# clear creek patterns/reports?



## WINative (Sep 15, 2004)

Hi all,

I'm planning to spend the weekend near Clear Creek, and maybe do some fishing if weather permits. I'm a beginning fly angler (I C&R), so I can use any tips regarding productive patterns or fishing reports. I plan to target brown trout and smallmouth bass.

Thanks,
JM


----------



## stonefly71 (Apr 14, 2004)

Are you going to Clear Creel down by Lancaster or did you meen Clear Fork / Mohician(sp)? Clear Creek down by lancaster is up some and off color talked with 2 bait guys there today who was using corn and caught one small one before I left. I stoped for a few and tried a Streamer and a nymph but didn't get anything but then again wasn't really trying as it was just nice to get out for once. Wanted to see what the last Flood had done down here. Is the water is still pretty high they cannot get one of the small damns cleared out so the water will flow better and it's rolling over the top of the cement bridge at the park office where the old barn is. If your talking Clear Fork I heard the park was up alot but you might beable to fish it the upper is off color and up fokes have done good though with large Nymphs and streamer.They said there was some dry action up on the Mad in the past week with midges. Which I'd say if the sun was out and the water cleared up on the fork it could be the same. But they are calling for cold temps this weekend and it's going to rain/snow in the next few days also. If you go please post report of how you do. If you need more Info goto www.madriveroutfitters.com and goto fishing reports one the main page. There has been talk of some steelheads being caught up your way with the rivers opening up some check it out on the link I gave you for more info on it. Later and Good luck Matt P.S. Be extra careful with the high water as the ground is pretty soft with it thoughing out with the warm temps some places can be like quicksand.


----------



## WINative (Sep 15, 2004)

Hi,

Thanks for the info. I'm staying near the Clear Creek in between Lancaster and Logan. I'm not expecting the greatest conditions due to the rain/snow and cold weather, but the GF and I need to get out of Cleveland for a couple of days! I'll definitely post a report if we're able to do a little fishing. At the very least I'll let you know how the water looks.

Is there a bait shop in the area? I might try my luck with the ultra-lite if I don't have any luck with the fly rod.

As for the steelhead fishing on the NE tribs, things are looking better. I checked out the Rocky the other day, but didn't have a chance to fish. The Rocky is almost completely free of ice, but the water is still cold.
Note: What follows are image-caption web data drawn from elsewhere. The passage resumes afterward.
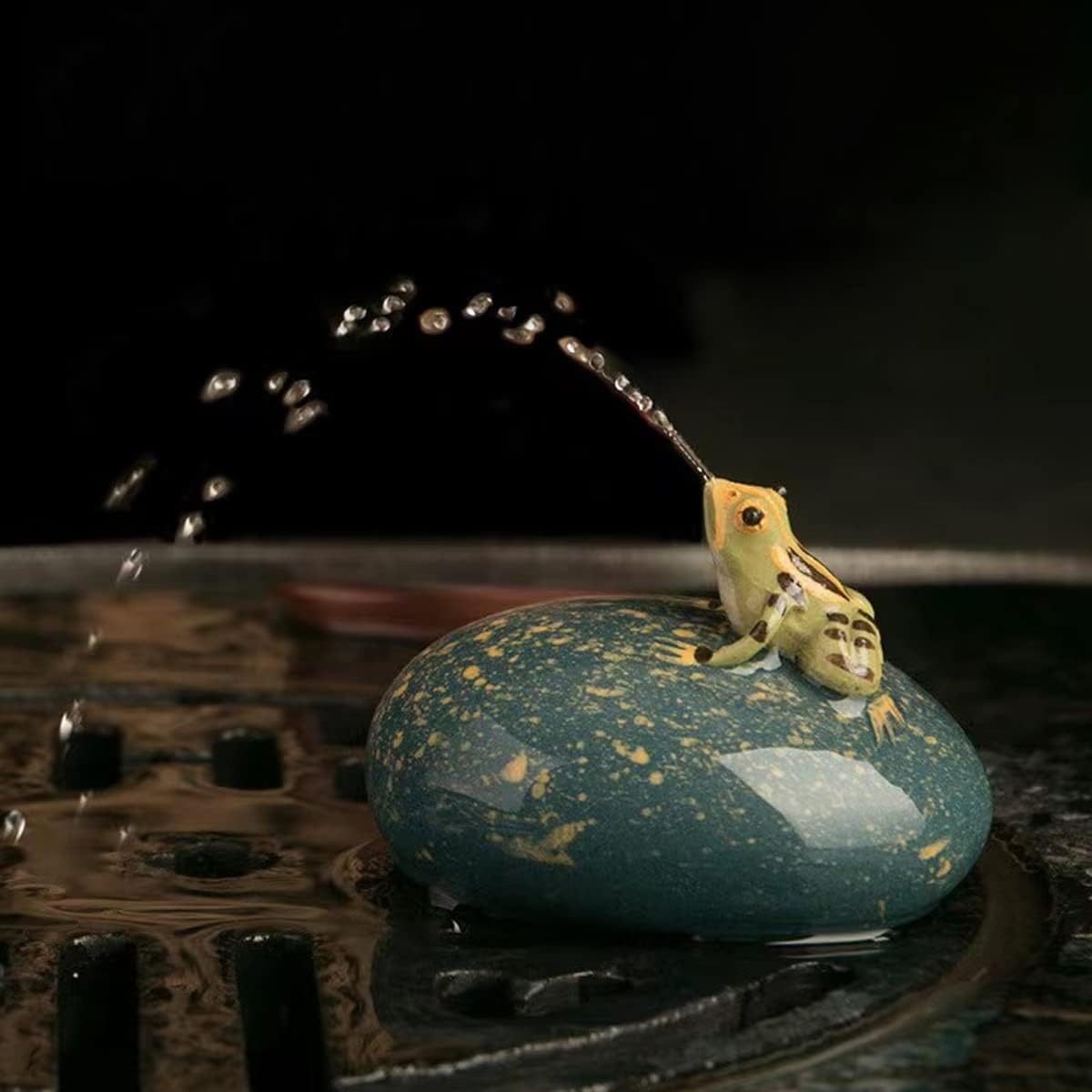 LYART Tea Pet Frog That Can Spray Water, Cute Zisha Kung Fu Tea Ornament Accessories of Frog Tea Set, Decoration for Tea Table Desk Tearoom, Great Gift for Tea Lover Friend (1. Frogs and stones)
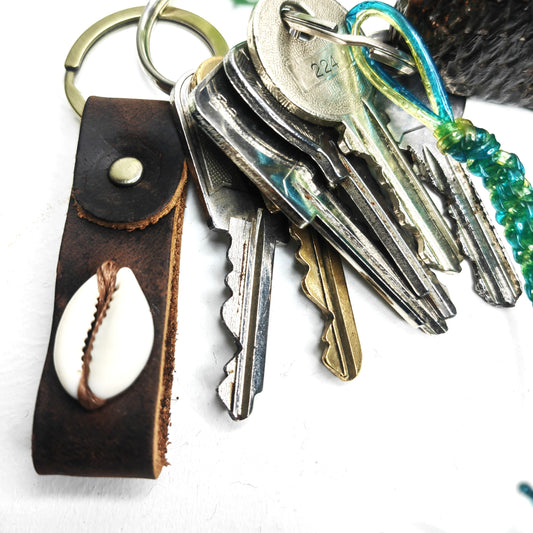 Porte clé en cuir avec cauris (MF)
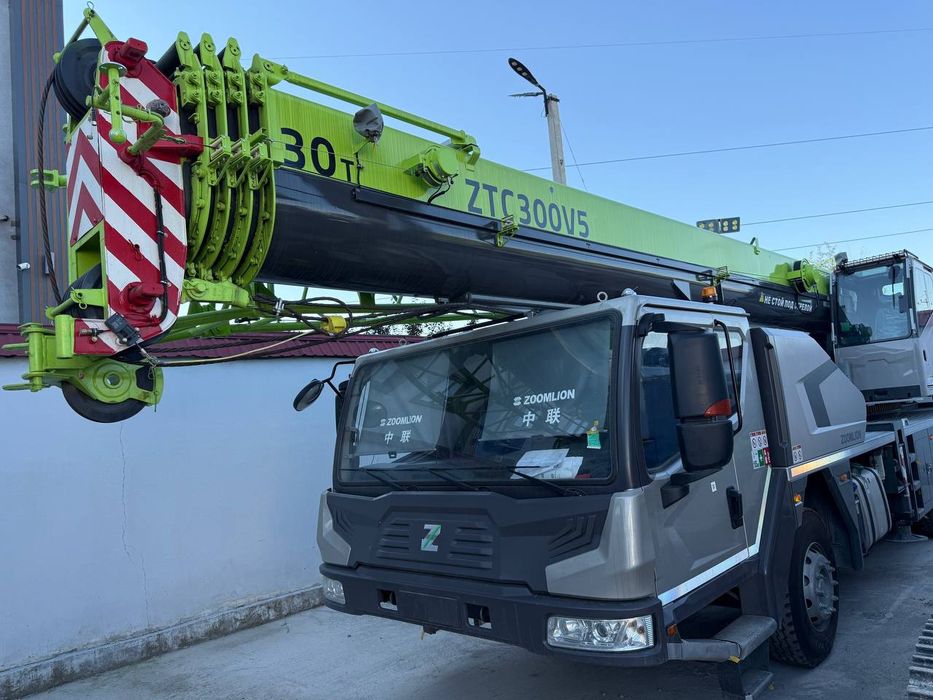 Автокран Zoomlion ZTC300V552T (30 тонна)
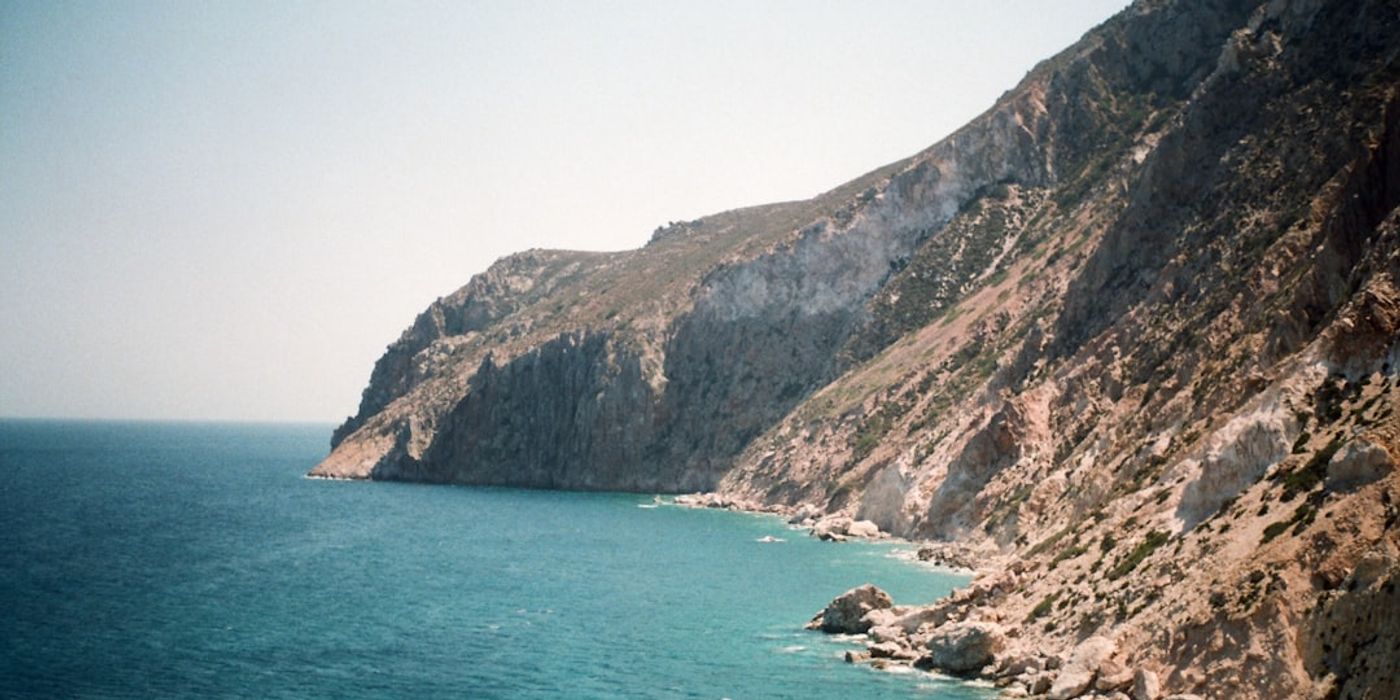 Hotels near Cape Drastis Cliffs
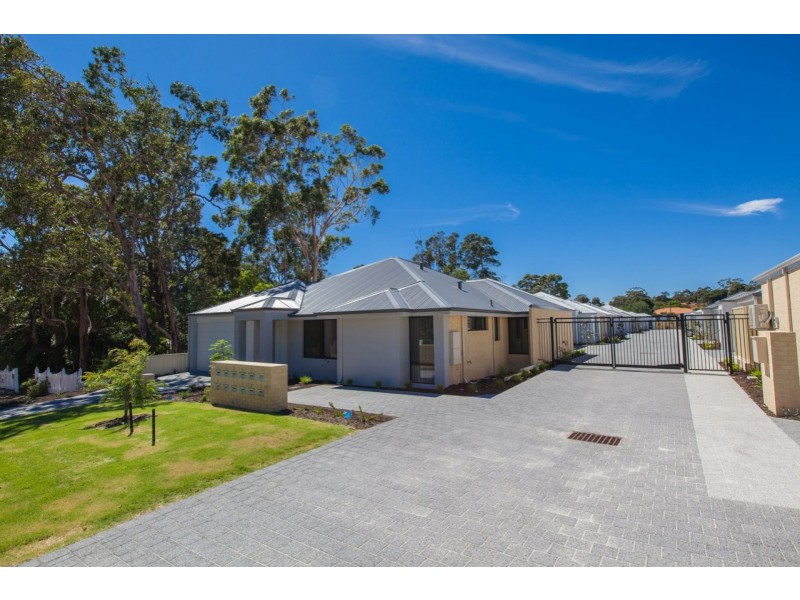 37 Boonooloo Road, Kalamunda WA 6076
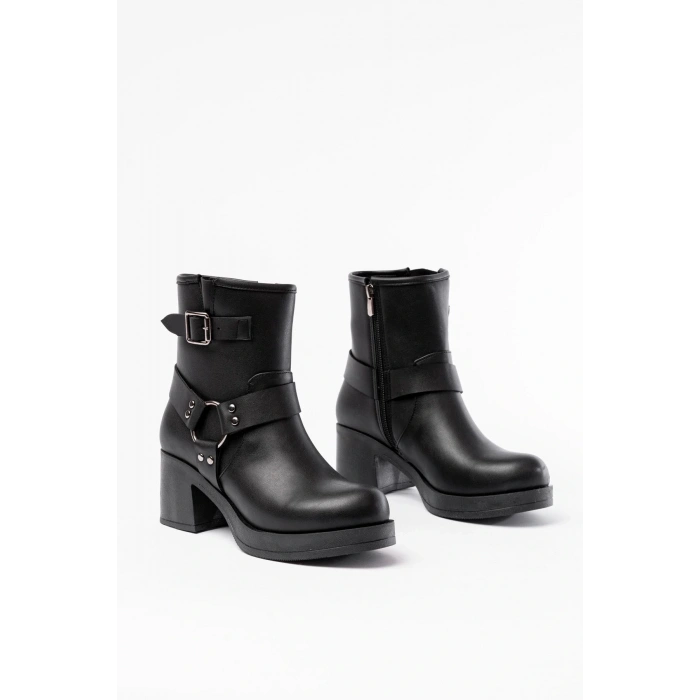 5109-3042 Siyah Toka Aksesuarlı Fermuarlı Kalın Topuklu Günlük Kadın Bot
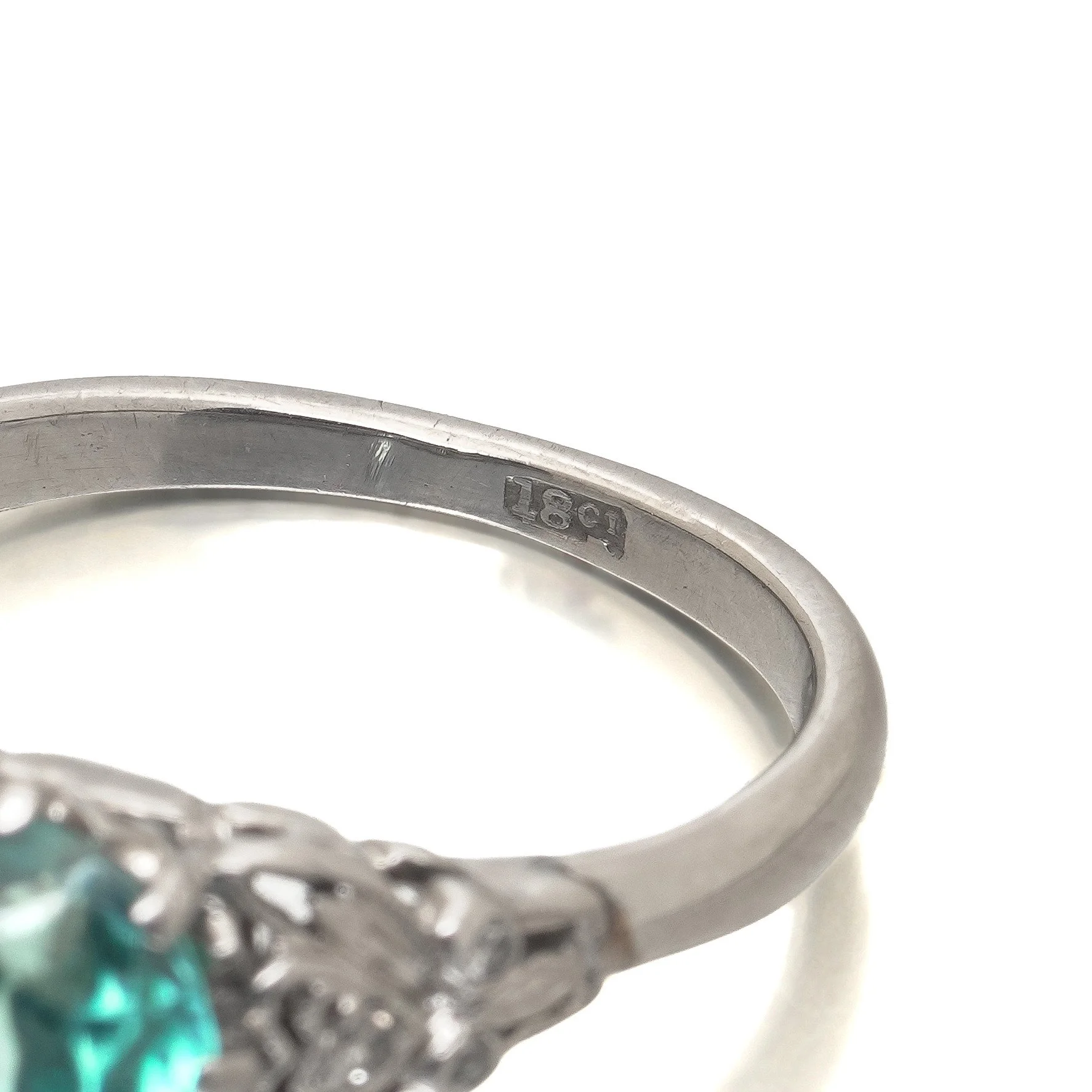 Vintage-1950s-Blue-Zircon-and-Diamond-Ring-18KT-White-Gold-07.jpg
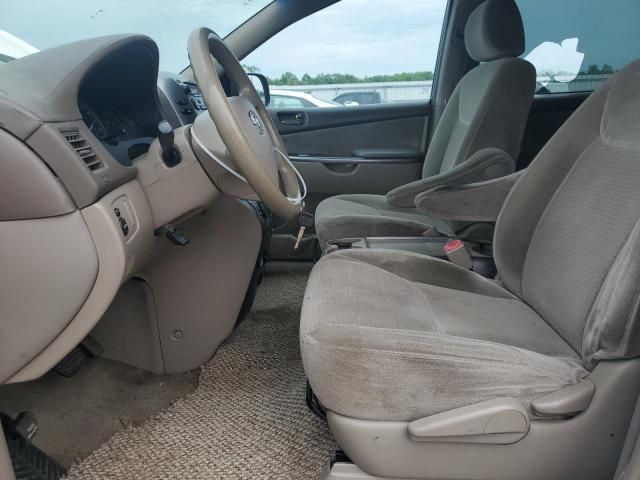 2007 Toyota Sienna CE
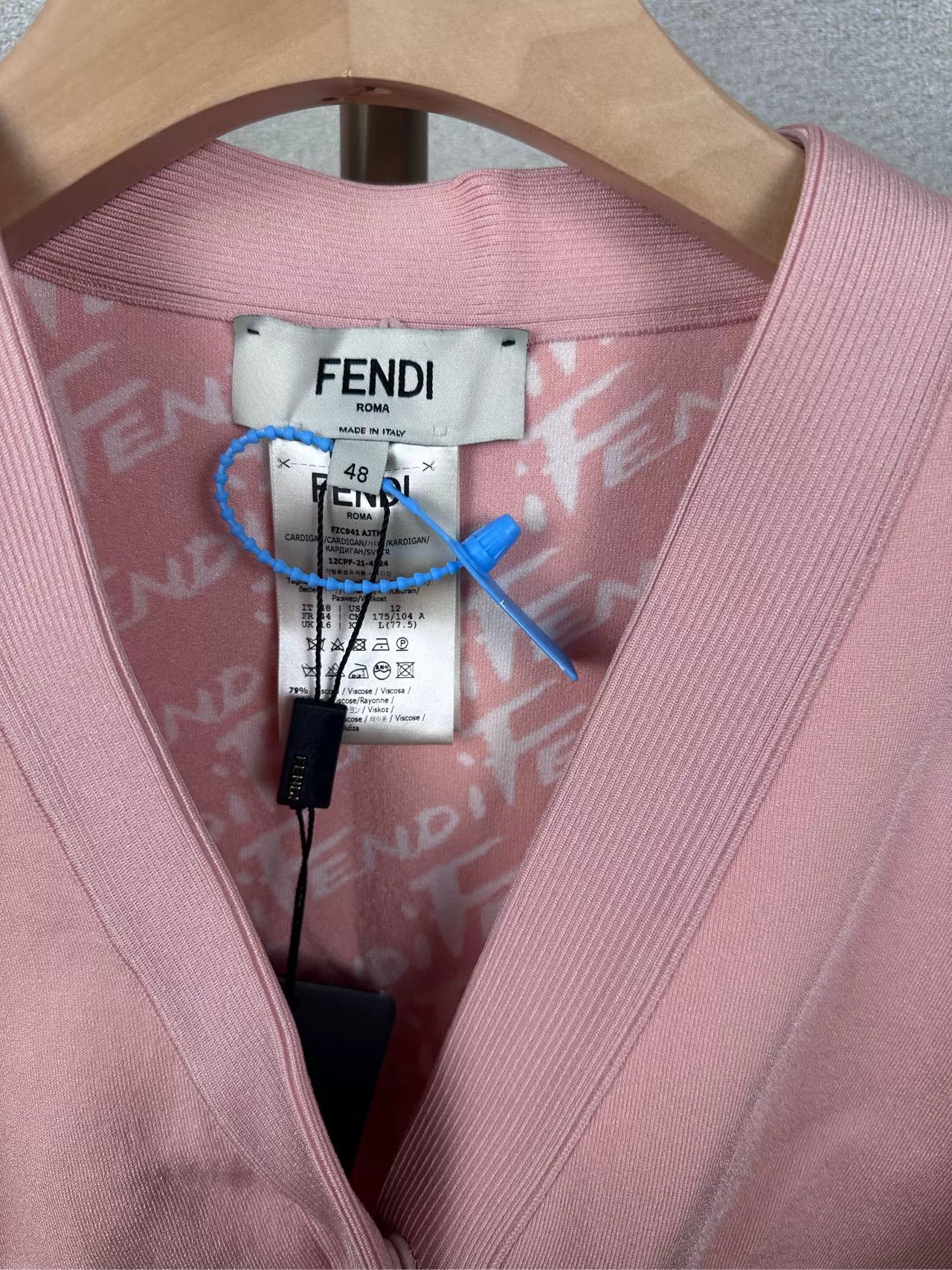 Fendi Fendi Pink Wool Knit Cardigan 48 Size US XL / EU 56 / 4 - 3 Thumbnail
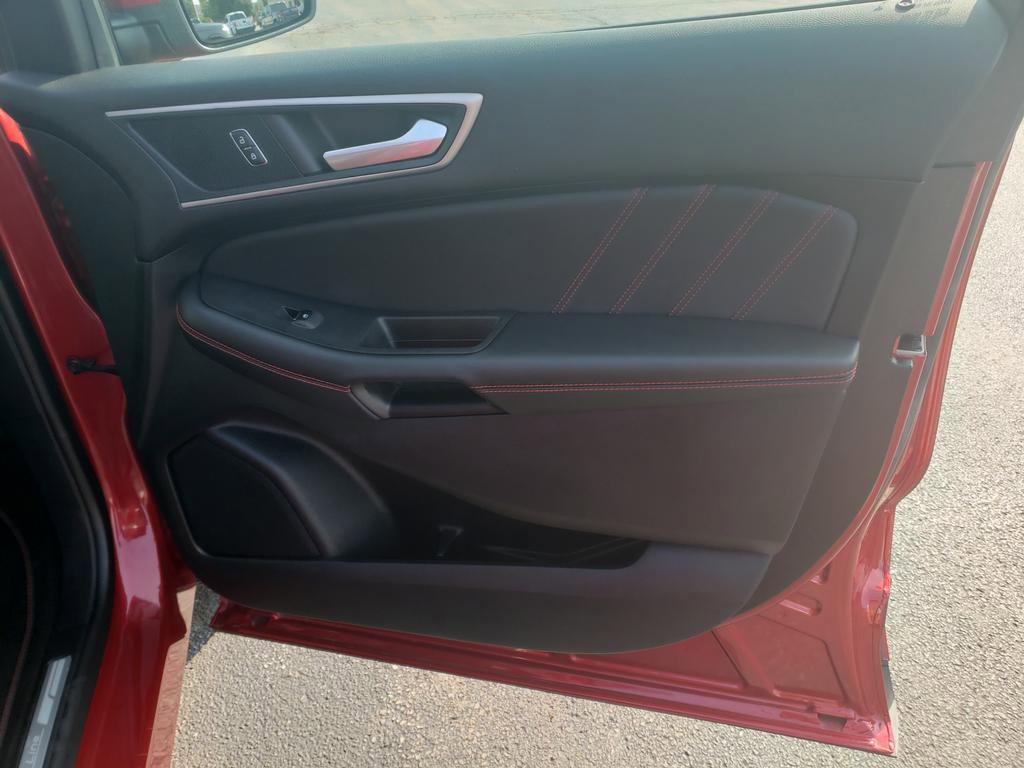 2024 Ford Edge ST-Line photo 17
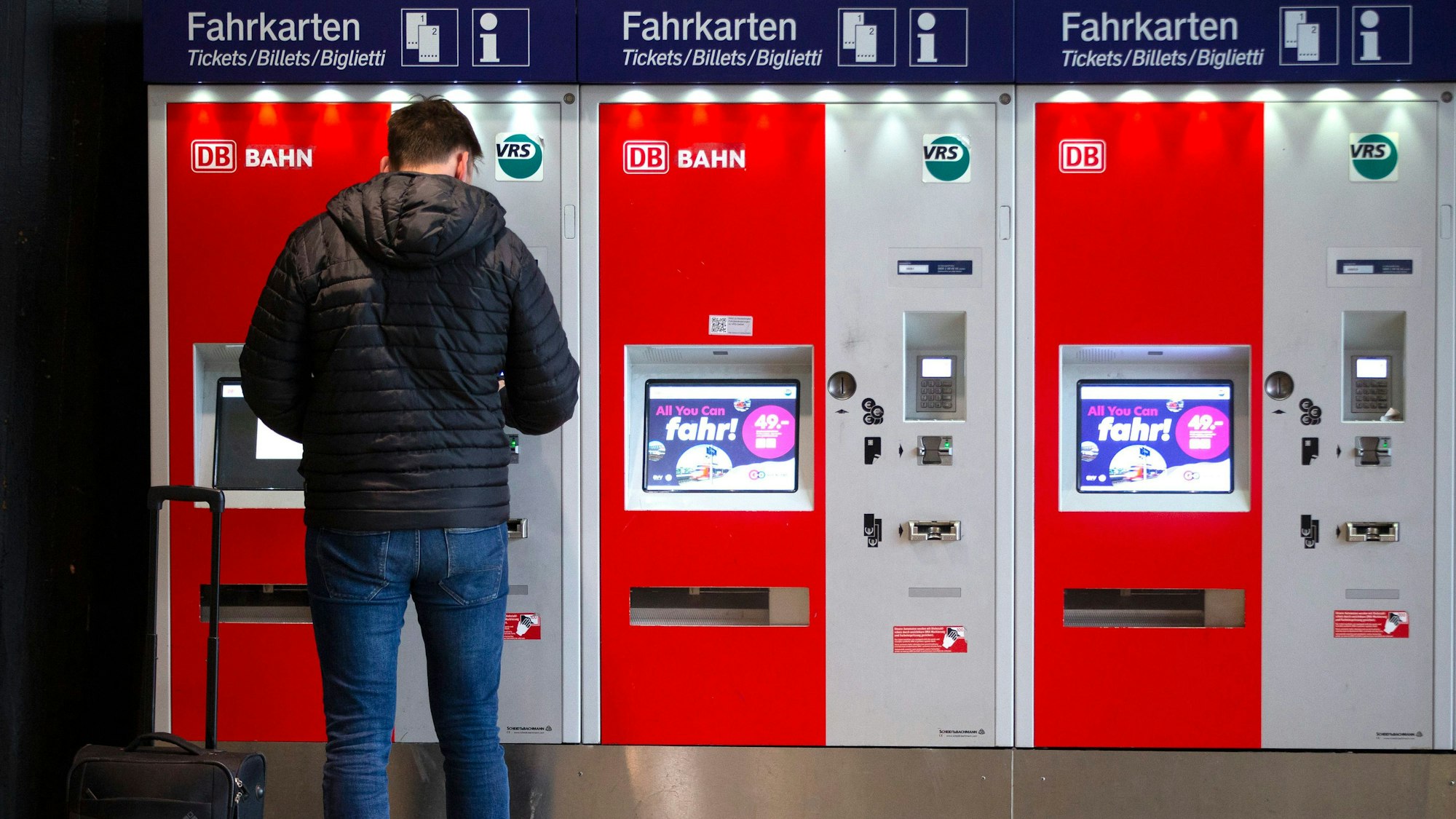 Ein Mann steht an Fahrkartenautomaten im Hauptbahnhof.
I talked to a couple of people at two different spots, each of whom told me they caught a couple of steelies early in the day. I haven't checked out the other tribs lately, but it looks like the Grand is running quite high.

Thanks,
JM


----------



## stonefly71 (Apr 14, 2004)

There is one in Lancaster just down the street from my house. It's called J & R's bait it's on Ceader (sp)?Hill rd also called 188 just off Pierce ave. There is also one down at Lake Logan called Downs Bait and Tackle it's just off 664 on lake logan Rd. It's going to be real cold this weekend from the weather report just given on T.V. this morn. Also in Lancaster there is Ohio Valley trading post that selles some bait and stuff but mainly a hunting type store if you need anything else e-mail me and I'll give you my cell number. Later Matt I didn't take a water tempo while I was at CC tuesday but it was pretty cold when I was checking for Buggs as the Black stones will be comming out in force real soon down there.Later


----------



## steelheader007 (Apr 8, 2004)

330-958-1350 !


----------



## WINative (Sep 15, 2004)

Thanks for the info, Matt. I'll probably try my luck Saturday late morning, early afternoon when the temps come up slightly. If anything, I'll get a chance to spend some time practicing casting and mending on the water. The forecast doesn't look too good, but what the heck.

If you decide to head down to the river, look for the guy with the shaggy beard, watchcap, and gander mountain waders fishing with a blonde.

Best,
Jim


----------



## gonefishin' (Apr 14, 2004)

stonefly71 said:


> I was checking for Buggs as the Black stones will be comming out in force real soon down there.Later


Hey, stonefly71, I'm a rookie flyfisherman who just discovered Clear Creek. I am just starting to tie some and need ideas. Black stones???
Thanks
Tony


----------



## flytyer (Jan 3, 2005)

black stones, he's refering to " Black Stoneflies" lots of patterns out there!


----------



## gonefishin' (Apr 14, 2004)

Thanks flytyer. Just curious, where is Pandora?


----------